> _Work item_
Restate the following records word for word without images.

> _Material for the task_
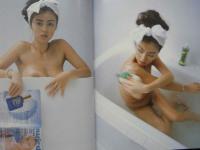 ８　武田久美子写真集　レディ・ニューヨーク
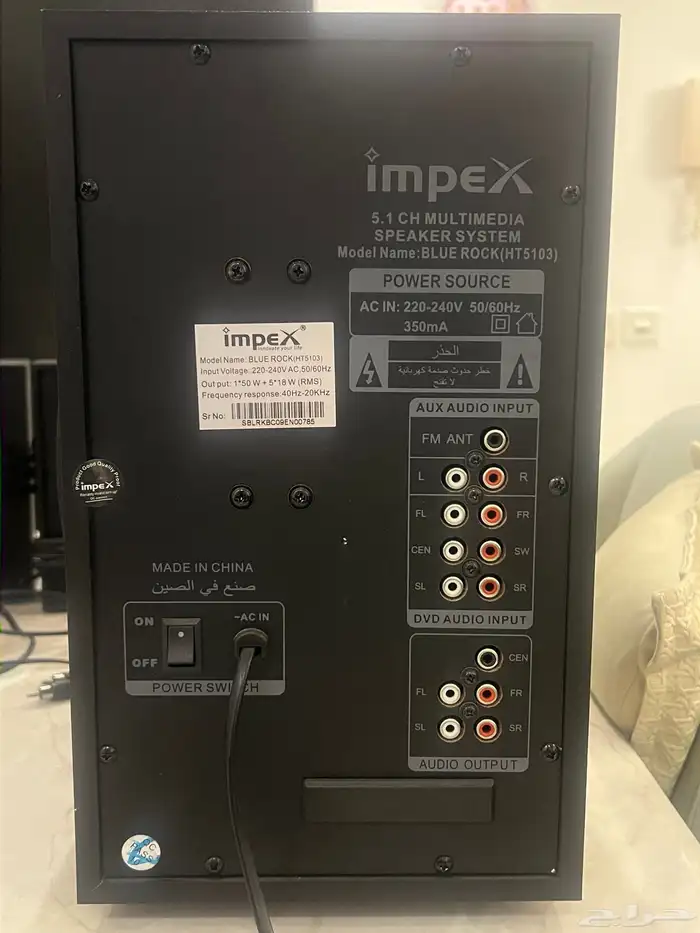 مسرح منزلي سماعة 2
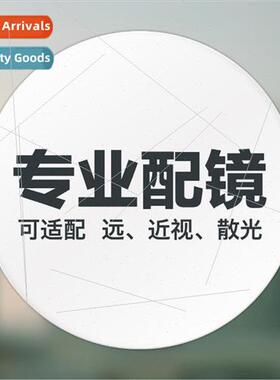 Brick mortar shop lenses 1.56 1.61.1.67 aspheric myopia lens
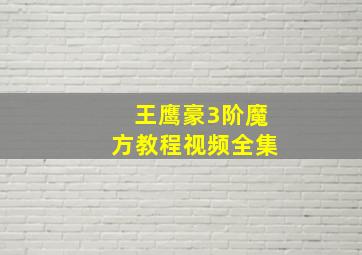 王鹰豪3阶魔方教程视频全集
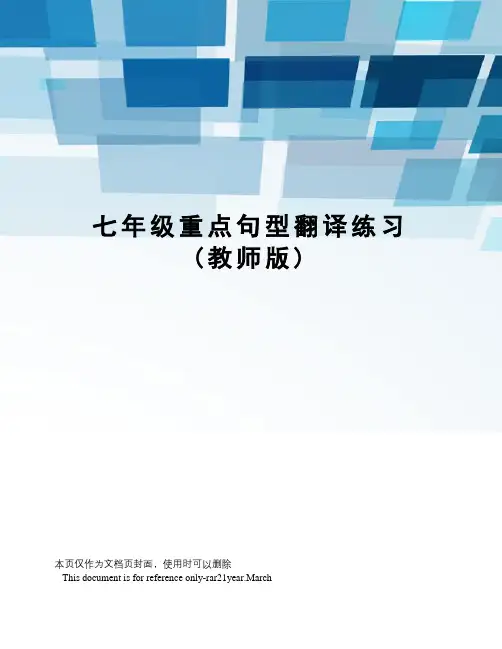 七年级重点句型翻译练习(教师版)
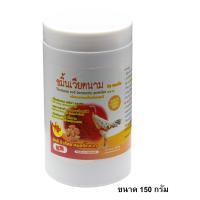 ราคา ขมิ้นเวียดนาม by หมอต้น (20686852086)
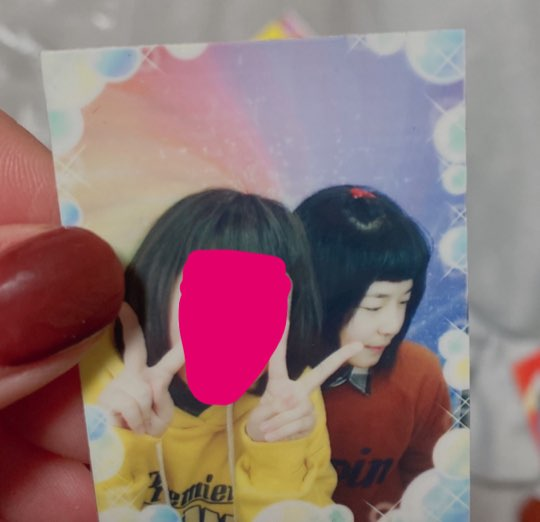 Kini Giliran Model Rambut Lama Park Hye Soo yang Jadi Perbincangan Publik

> _Exercise response_
 ８　武田久美子写真集　レディ・ニューヨーク
 مسرح منزلي سماعة 2
 Brick mortar shop lenses 1.56 1.61.1.67 aspheric myopia lens
 王鹰豪3阶魔方教程视频全集
 七年级重点句型翻译练习(教师版)
 ราคา ขมิ้นเวียดนาม by หมอต้น (20686852086)
 Kini Giliran Model Rambut Lama Park Hye Soo yang Jadi Perbincangan Publik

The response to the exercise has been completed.